Już wcześniej wiadomo było, mniej więcej, z jakich fragmentów będzie można budować gadżet. Konstrukcja dała możliwość zczepiania modułów w pasku. To najlepsza droga. Części jest naprawdę sporo, a ograniczeniem nasz obwód nadgarstka. Większe ręce mają tutaj znaczenie. Nie uda się zmieścić wszystkiego. Trzeba będzie dzielić na sekcje, np. sportową, gdzie można połączyć moduł GSM, dodatkowy mini bank energii, czy czujnik pracy serca. Obok są jeszcze sensory otoczenia, programowalny przycisk, mobilne płatności, moduł rozpoznający gesty, a nawet taki z portem na kartę SIM! Do tego producent zadbał o kolejne części przez program developerski, czyli wytyczne i podpowiedzi do konstrukcji własnych fragmencików.

Blocks modular

Blocks

To jest pewnie najlepsza z informacji, bo może z czasem się okazać, że wariantów przybędzie. Co na przykład? Kamerka, czytnik linii papilarnych, ładowanie kinetyczne (tj. wraz z naszym ruchem), ale i inne nietypowe elementy: latarka LED, EKG, większa pamięć Flash, płytki do reakcji skórno-galwanicznej (do badań samopoczucia), przepływu tlenu, czujników pomiaru jakości otoczenia, czy temperatury ciała. Jak widać, można będzie nawet stworzyć urządzenie do analizy zdrowia. Blocks pokazuje wariant dla turystów, sportowców i w przyszłości wielu innych.  Otwarty charakter platformy to już ogromna przewaga nad zamkniętymi rywalami.

Elementem głównym będzie koperta z okrągłym ekranikiem, która zbierze informacje z połączonego paska. W Blocks zastosowano własny systemik. Ma być kompatybilny z iOS i Androidem skąd skalibrujemy też moduły. Co warto jeszcze dodać na sam koniec? Być może zmiana urządzenia na nowszą generację będzie tańsza.
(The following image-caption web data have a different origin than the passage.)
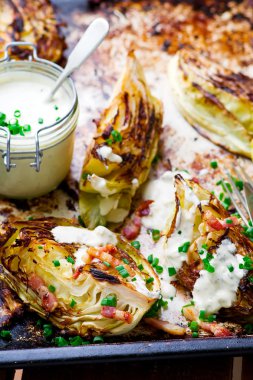 Peynir soslu ızgara lahana.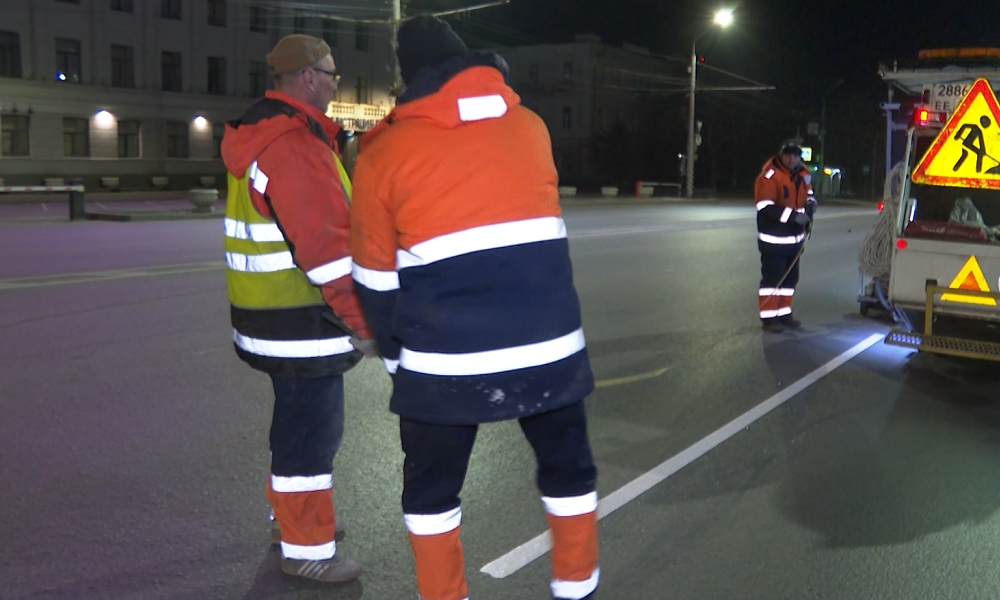В Омске обновят дорожную разметку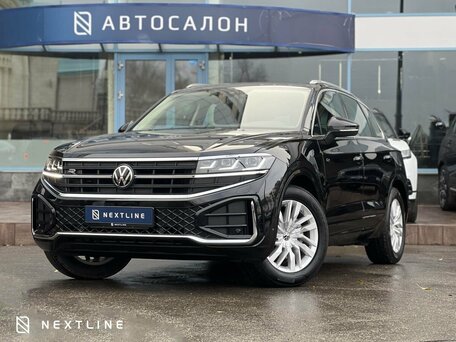 2025 Volkswagen Touareg III Рестайлинг, чёрный, 8790000 рублей, вид 1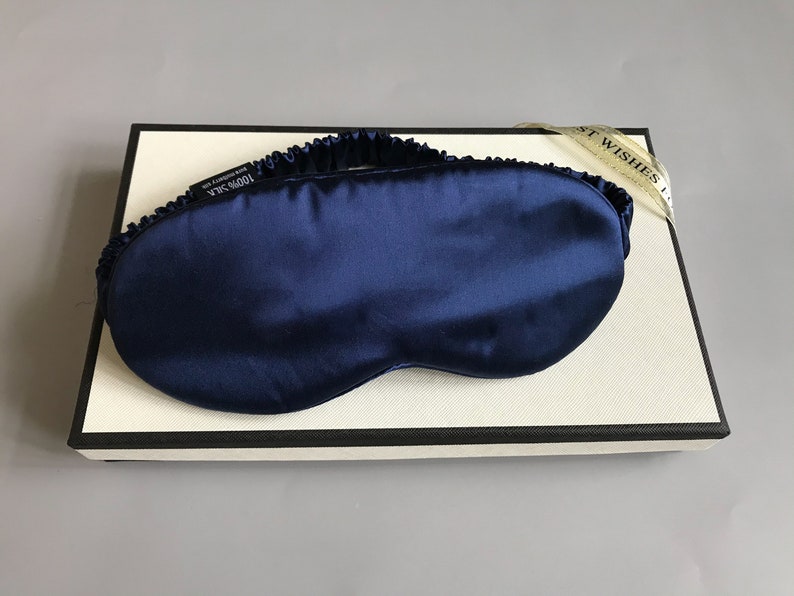 This mulberry silk eye mask is made of 22 momme silk, buttery-soft silk is good for skin and hair, best choice for your eye care, good gift for your friends and families in holidays.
Nie wymienimy całego sprzętu, a np. główny „core”, czyli lepszy wyświetlacz z najważniejszymi podzespołami. Ulepszony czytnik lub czujnik? Nie ma problemu – okresowo pokaże się w sprzedaży. Tak widzę najsilniejsze strony modułowego podejścia. Paradoksalnie może nawet okazać się, że sprzedaż takich części będzie wyższa. Nawet ich ewentualna naprawa prostsza i szybsza.